The clay is hauled by wagon from the railroad cars and dumped at different points in the yard, convenient to the machines to which they are to be furnished. Generally about 1,000 tons of these different clays are kept in storage. The clay is ground in Bonnot dry pans, and elevated to stationary screens on the fourth floor, from which they pass into the storage bins on the third floor. From these bins the various clays are measured in the proportions desired and delivered into a 12-ft. Bonnot pug mill on the second floor, passing from this to a vertical wadmiil on the ground floor. These wads of prepared clay are then carried by trucks to an adjacent building, where the tempered clay is stored. From this store house the material is delivered by barrow or elevators to men on different floors, engaged in pressing the clay into the different molds. Drying floors are to be found in each building, both live and exhaust steam being used. The time for drying of course caries with the size and shape of the pieces, but great care has to be taken in the drying, for in terra cotta work quality ranks before speed, and with the St. Louis Terra Cotta Co. quality is considered as all-important.
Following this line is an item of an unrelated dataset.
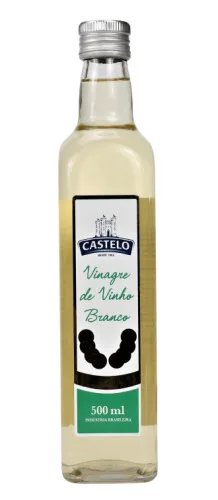 VINAGRE CASTELO CLASSICO BCO - CASTELO - Bebidas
The dried products are then conveyed to the kilns. There arc five large muffle kilns with a capacity of about 40 tons each, 18 ft. in the clear, two experimental kilns, one fritt kiln and one short order kiln. Watersmoking and burning occupy about six days. The shipping facilities of the company are over the Missouri & Pacific and Frisco railroads. The company owns its own teams, but on special rush work is often obliged to hire additional teams. A large shipment has recently been made to the Union Electric Light & Power House, an important structure on the levee, at Biddle St. About 125 men are employed when the plant is in operation and work is carried on the year through. The plant also has a fine carpenter shop, a drafting and modeling laboratory, and the usual complement of glazing and blunging mills. R. F. Grady, the vice-president and manager of the company, was for seven years connected with the Evens & Howard Firebrick Co., and has had considerable experience in the manufacture of clay products. Mr. Grady is a broad-minded man, with an artistic temperament, with a keen eye for the beautiful and a genuine belief in the future development of the terra cotta industry. Numerous experiments are continually conducted by him, and a recent success of his is the production of a very fine egg-shell glaze which should prove to be a winner.
The products of the plant are terra cotta, jardinieres, pedestals, and many other interesting side lines. We illustrate here a cemetery wall which has just been completed to bound a cemetery reservation in Missouri. It is finished in a rich brown glaze and the pillar and wall effect form a very beautiful combination. The reader will also note an entrance gate effect of similar design to private grounds. The clayworkers who visited Dayton, O., on their way back from Cincinnati, after the N. B. Al. A. Convention, unanimously admired the fine terra cotta works on the Union railway station here. This was also supplied by St. Louis Terra Cotta Co. Mr. Grady will be pleased to welcome clayworkers visiting the World’s Fair, St. Louis, and will be sure to have something of interest to show them.